* [PROBLEM TO WORK ON]: In the answer, each line from the top of the material through the line that contains "Cromos de Futebol: Tazos" is restated exactly. No picture is given again.
DATA FOR ANALYSIS below:
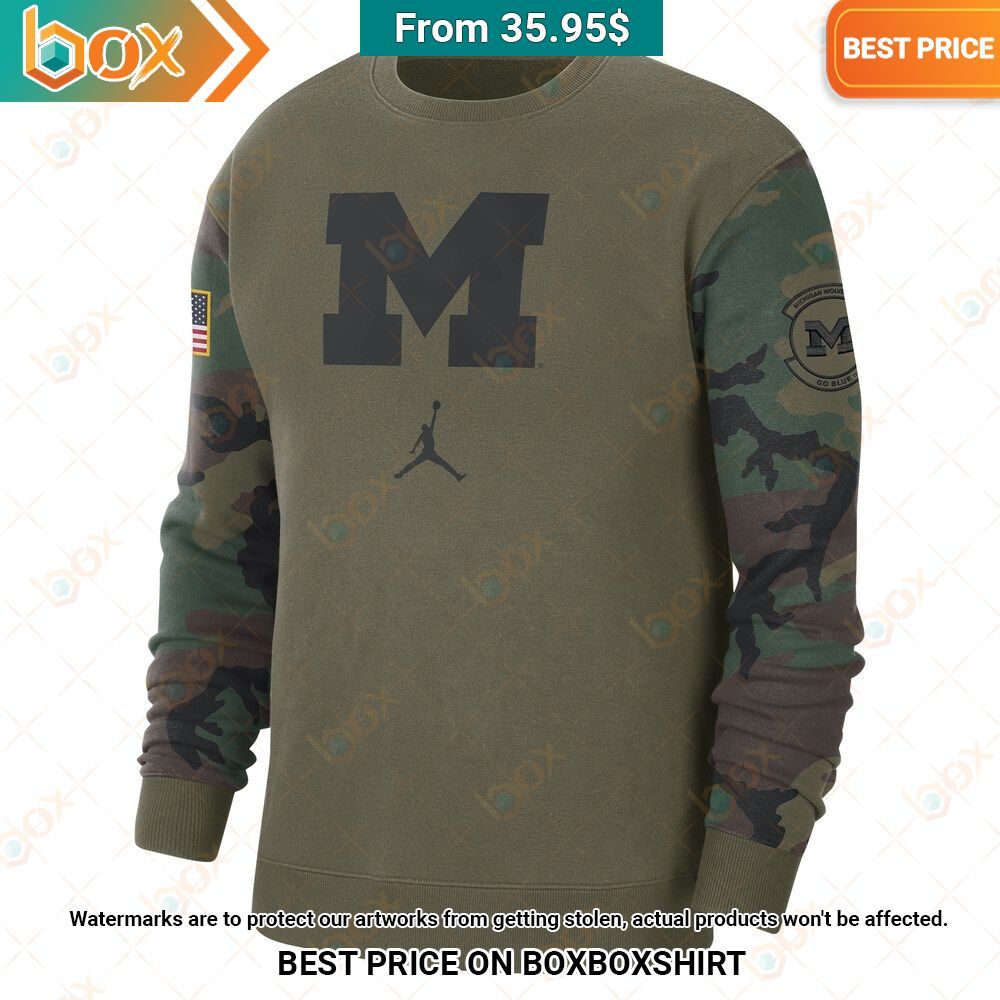 Michigan Wolverines Jordan Brand Sweatshirt Nice elegant click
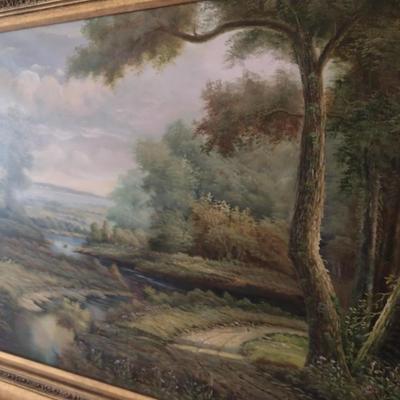 Vintage Original Framed Artwork Signed by Artist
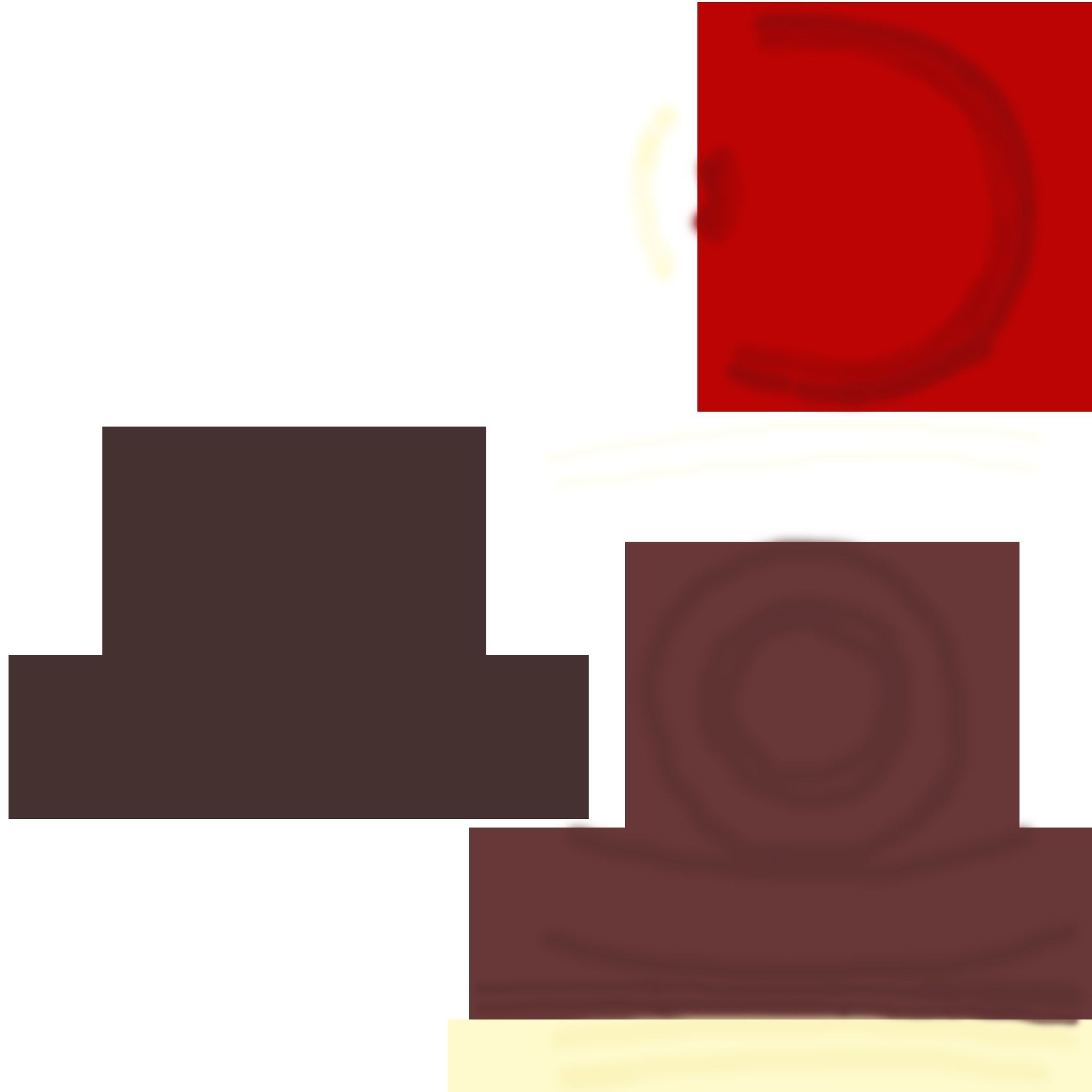 Snowman with Christmas hat Low-poly 3D model_43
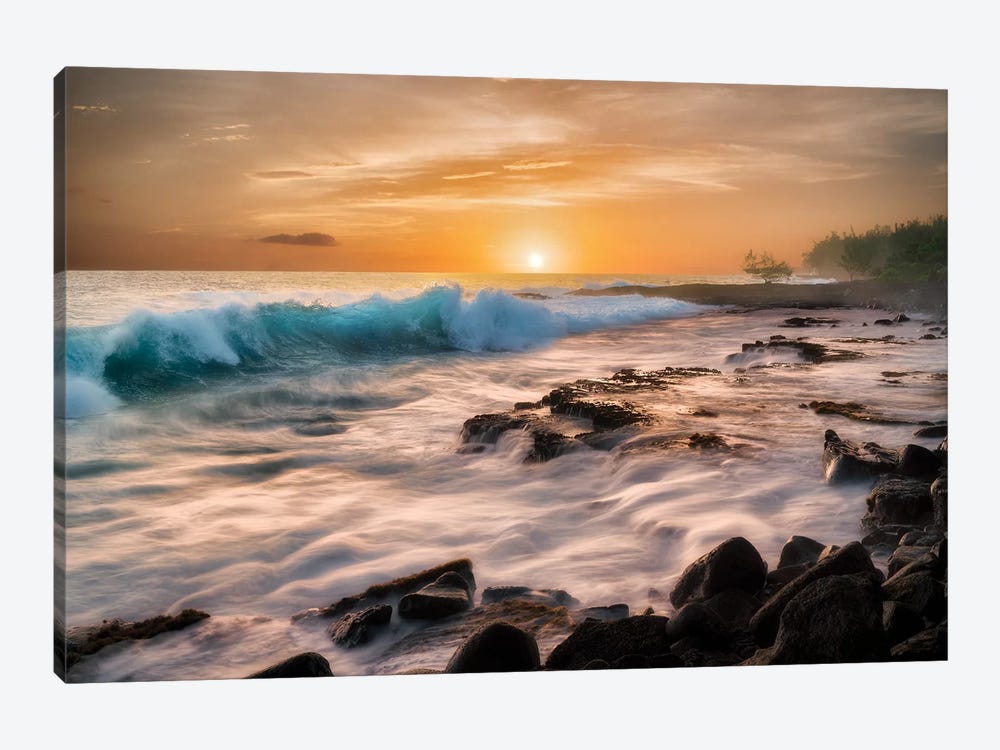 Hawaii Sunset by Dennis Frates 1-piece Canvas Artwork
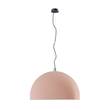 Diesel Living with Lodes Urban Concrete 80 LED Pendant White Inside in Pink Dust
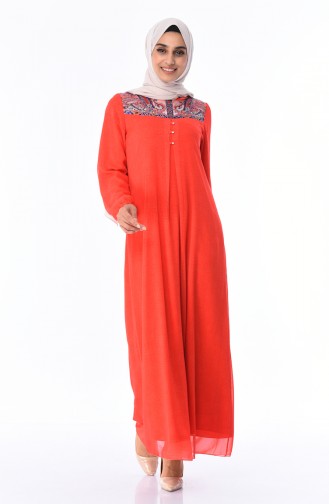 Red Hijab Dress 6Y3625900-01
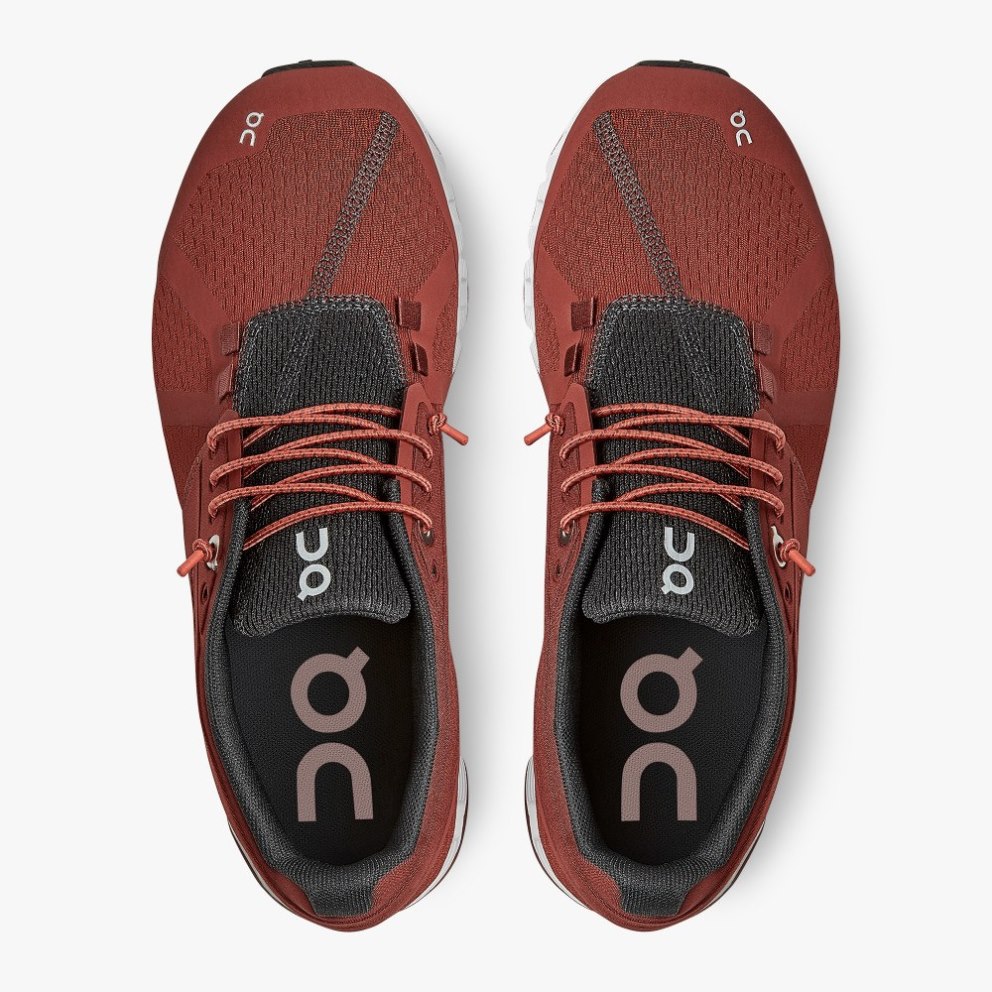 On Cloud Women's Trainers Brown | UK-1AM25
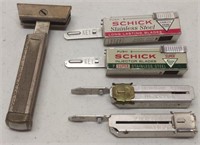 Rare Vintage Schick Folding Injector Razor With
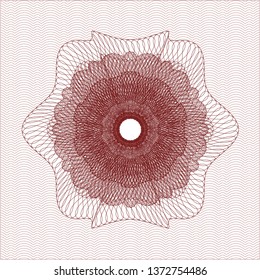 Red passport style rosette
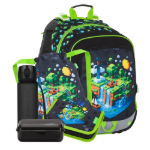 Kép Bagmaster ALFA 26 B velký školní set pro prvňáčky – kostičkový svět Vícebarevná 23 l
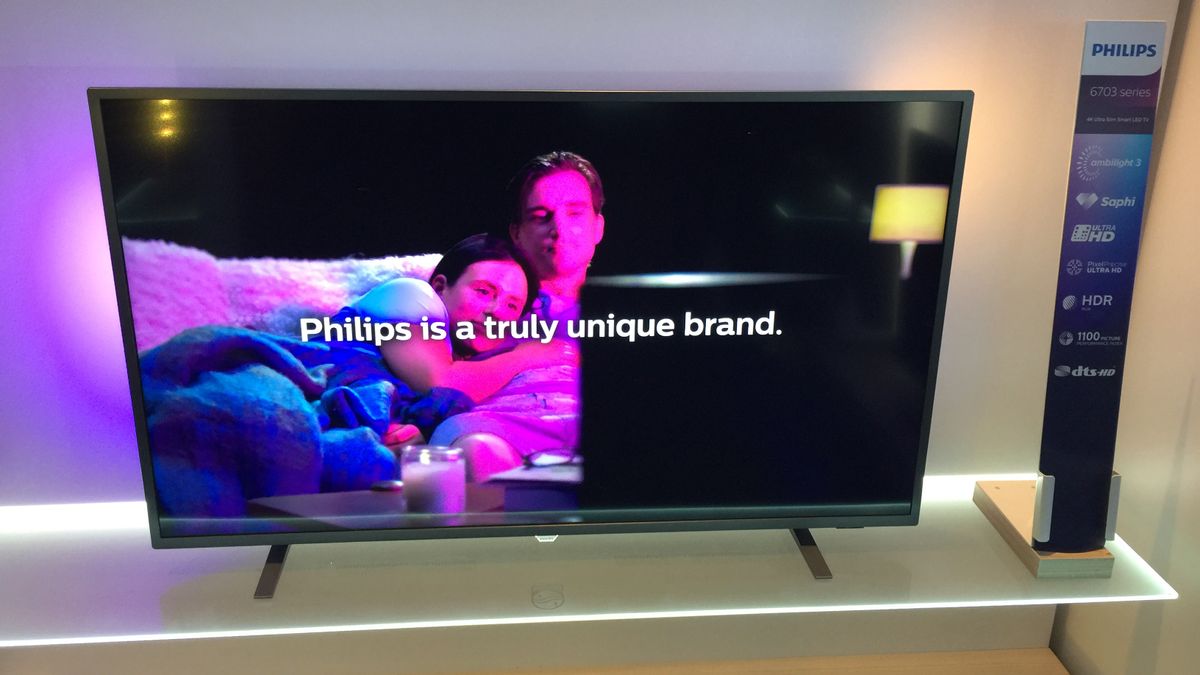 Philips 6703 Review (2018): 4K HDR TV With 3-sided Ambilight - Tech Advisor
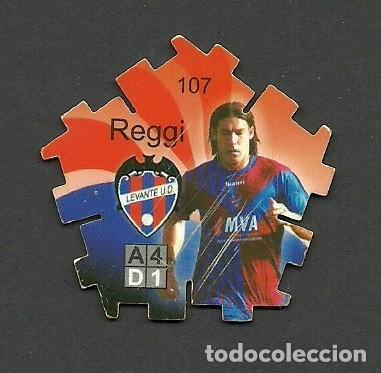 Cromos de Futebol: Tazos Tazo GREFUSA Los Tricks de la liga F&uacute;tbol 2004-05 Levante Reggi n&ordm; 107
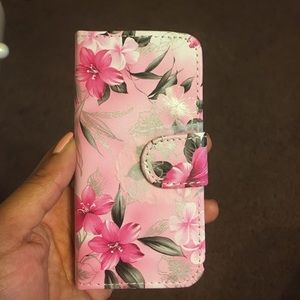 Pink Floral iPhone 5/5s Wallet Case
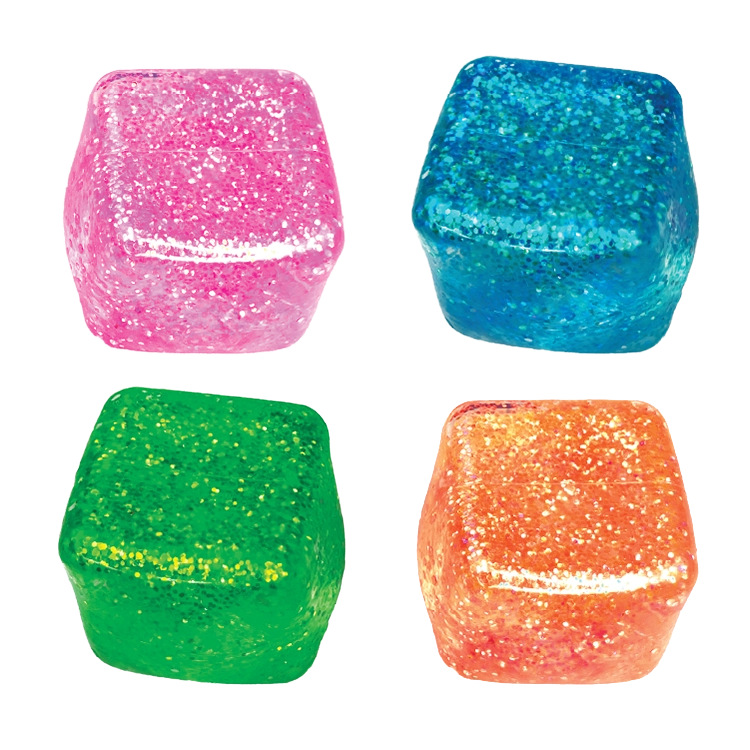 Fun Doh Glow-in-the-Dark Squish & Squeeze Sparkle Cube Toy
End of DATA FOR ANALYSIS.
* [RESULT FOR THIS EXERCISE]:
 Michigan Wolverines Jordan Brand Sweatshirt Nice elegant click
 Vintage Original Framed Artwork Signed by Artist
 Snowman with Christmas hat Low-poly 3D model_43
 Hawaii Sunset by Dennis Frates 1-piece Canvas Artwork
 Diesel Living with Lodes Urban Concrete 80 LED Pendant White Inside in Pink Dust
 Red Hijab Dress 6Y3625900-01
 On Cloud Women's Trainers Brown | UK-1AM25
 Rare Vintage Schick Folding Injector Razor With
 Red passport style rosette
 Kép Bagmaster ALFA 26 B velký školní set pro prvňáčky – kostičkový svět Vícebarevná 23 l
 Philips 6703 Review (2018): 4K HDR TV With 3-sided Ambilight - Tech Advisor
 Cromos de Futebol: Tazos Tazo GREFUSA Los Tricks de la liga F&uacute;tbol 2004-05 Levante Reggi n&ordm; 107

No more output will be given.